L’instant d’après, Pierre-David sortait sa carabine, et puis boum, la tête d’une petite marmotte qui se tenait debout sur un piquet de clôture a littéralement éclaté devant mes yeux. C’était comme dans les dessins animés quand les yeux du coyote lui sortent de la tête, sauf que là, c’était pas marrant du tout.

Maintenant, peut-être que c’est moi qui suis une petite nature, mais je peux vous passer un papier qu’un caméléon aurait été jaloux de voir à quel point je pouvais passer rapidement du rose au blanc.

« Bordel ! T’es fou ou quoi ? », que j’ai lancé en tentant de ne pas dégobiller.

Et puis Pierre-David m’a expliqué qu’il n’avait pas le choix de chasser ces satanées marmottes qui saccageaient les champs.

Si je vous raconte ça, c’est que ce jour-là, ça avait été la première fois que j’avais été directement témoin d’une mort par arme à feu. Jusque-là, j’avais déjà entendu des détonations et vu des gens tirer, mais ça avait toujours été sur des cibles inanimées. 

Là, ça n’avait beau être qu’une vulgaire marmotte, ce truc respirait et me voyait quelques centièmes de seconde avant que sa tête n’éclate devant mon regard horrifié.

En fait, quand j’y repense, ce qui m’avait le plus choqué, c’était que je réalisais alors que les armes, c’est pas comme dans les films.

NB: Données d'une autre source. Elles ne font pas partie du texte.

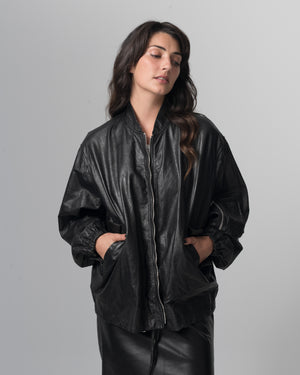 Oversized Bomber Leather Jacket Nero GD26S25059STPY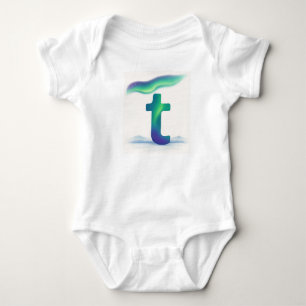 Anpassbare Nordlichter Buchstabe T Tundra Baby Strampler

Certes, ça peut sembler con, mais dans les films, on voit le gars qui affiche toute l’assurance du monde avec son arme dans les mains, et puis, quand il tire, il y a ce gros « boum » viril qui vous chatouille les oreilles, et généralement, on va voir le pauvre type qui a été atteint s’écrouler au sol, et c’est fini. 

Mais dans la vraie vie, le « boum », il n’est pas viril. Il vous glace plutôt le sang. Et au lieu de vous chatouiller les oreilles, c’est un uppercut qu’il vous fait.

Et la victime, elle ne tombe pas gracieusement au ralenti avec une musique d’opéra en arrière-plan. Ce n’est pas un ballet, mais une danse du bacon bien dégoulinante.

Et une fois que c’est fini, ça continue. Il n’y a pas de caméra pour filmer ailleurs ou nous amener vers l’action suivante. 

Et puis, est-ce vraiment utile de le préciser, mais dans une tuerie comme celle qui s’est produite à Parkland, en Floride, cette semaine, ce ne sont pas des personnages secondaires unidimensionnels qui sont tombés sous les balles, mais des jeunes avec des vraies vies, des vraies familles et des vraies rêves.

Or, les tueries se multiplient à un point tel du côté des Américains que désormais, on n’a même plus le temps de toutes leur accorder une couverture médiatique.

Toutes ces vies fauchées se résument à un total comparable à celui d’un score de jeu vidéo, et puis, si on n’a pas battu un des scores précédents, on se contentera de vous en parler dans un entrefilet.

Il y a 20 ans, la planète avait pratiquement arrêté de tourner au lendemain de la tuerie de Columbine. Aujourd’hui, alors que 17 personnes ont perdu la vie en Floride, on soupire en ajoutant un X de plus dans la colonne, et nous prenons bien le soin de laisser un espace vide, car nous savons tous qu’il y aura d’autres X.

Et c’est bien là malheureusement la seule chose dans tout ça qui ressemble à du cinéma : on continue à produire des suites.